→ Work instruction
Your answer must be exactly the lines from the one containing "Women's nan tiered" through the end of the material, both ends included, without pictures.

→ Supplied information
########################################
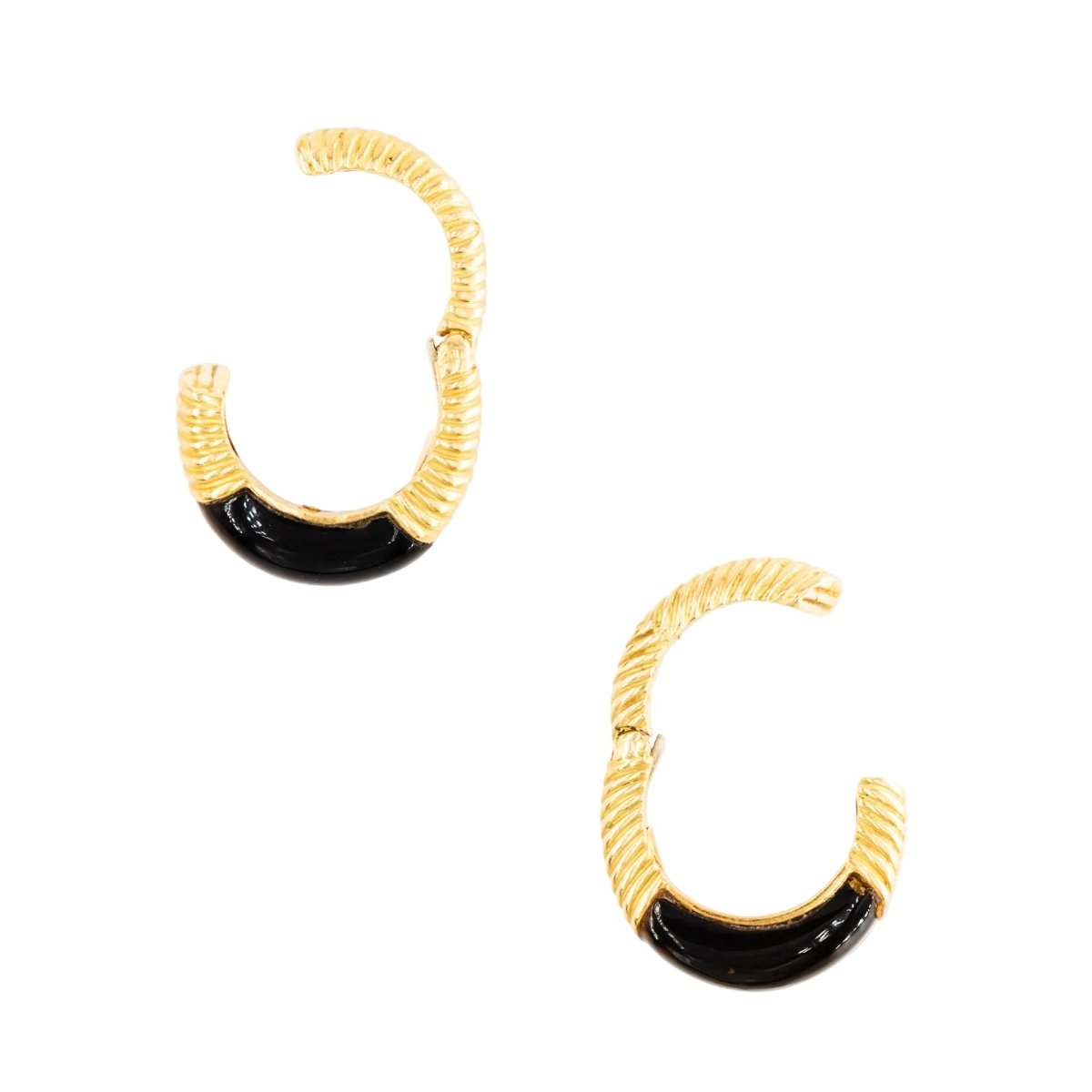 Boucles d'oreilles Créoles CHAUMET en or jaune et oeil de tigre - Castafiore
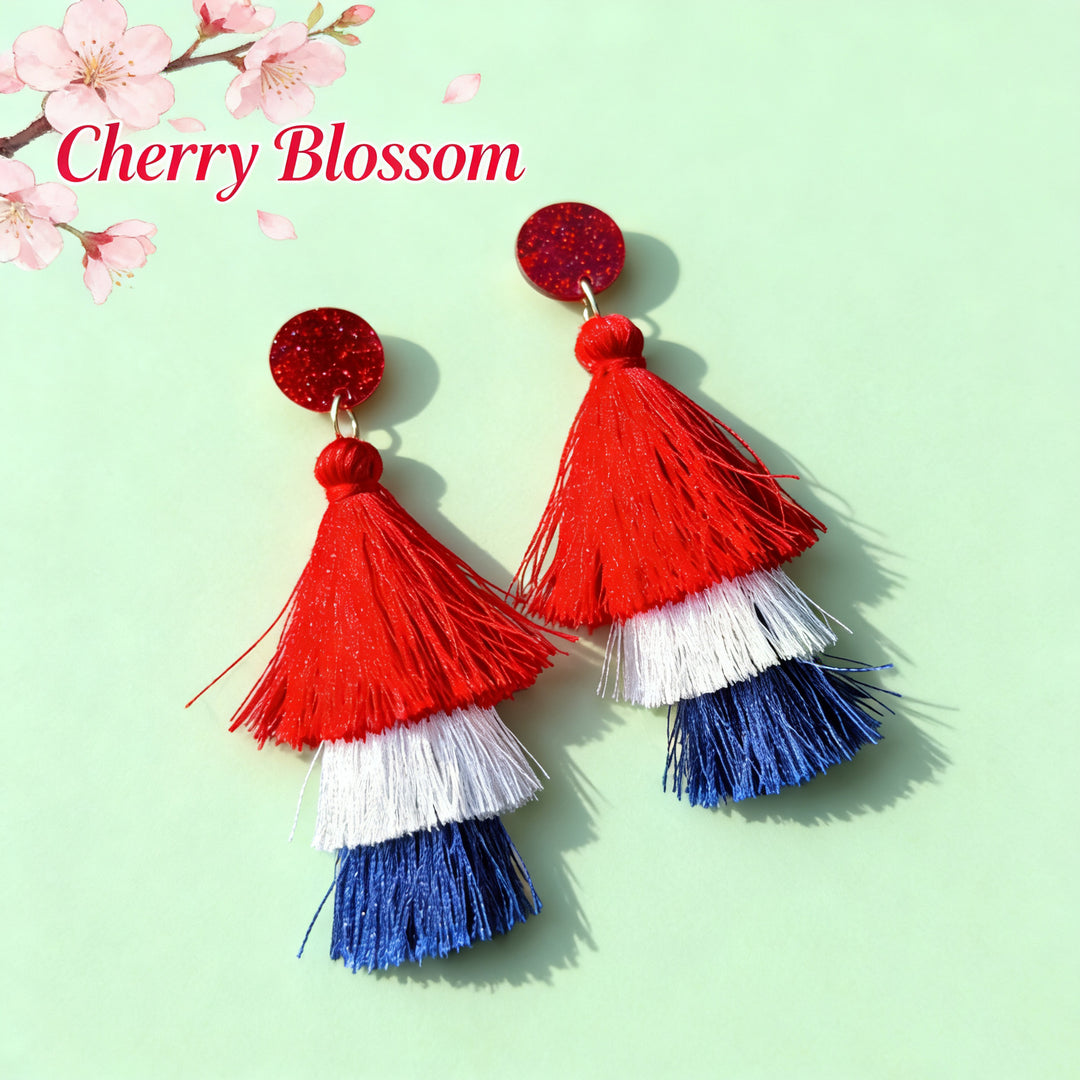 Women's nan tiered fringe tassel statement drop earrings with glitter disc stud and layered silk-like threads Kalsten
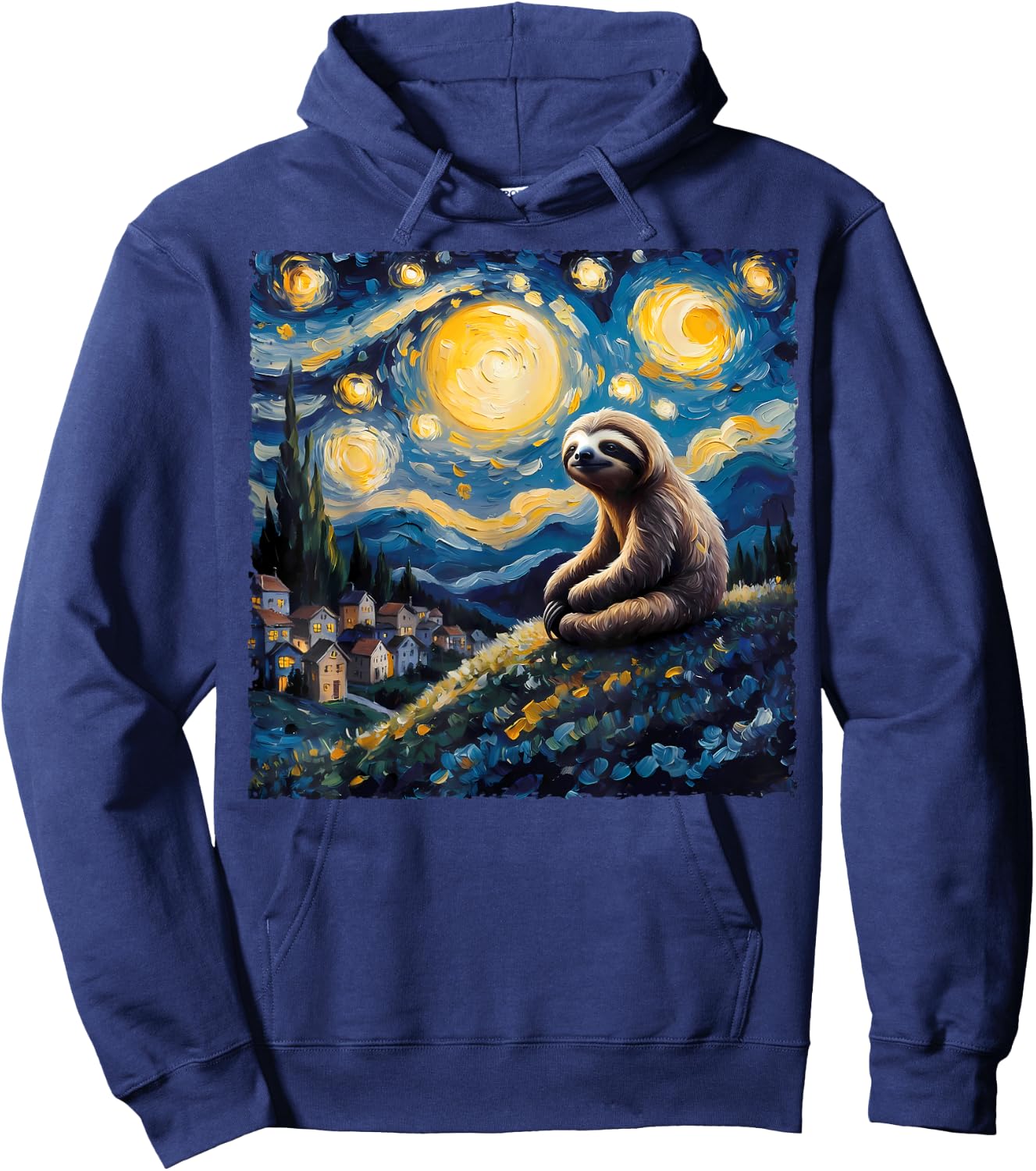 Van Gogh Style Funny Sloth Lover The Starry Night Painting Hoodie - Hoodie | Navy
########################################
→ Task response
 Women's nan tiered fringe tassel statement drop earrings with glitter disc stud and layered silk-like threads Kalsten
 Van Gogh Style Funny Sloth Lover The Starry Night Painting Hoodie - Hoodie | Navy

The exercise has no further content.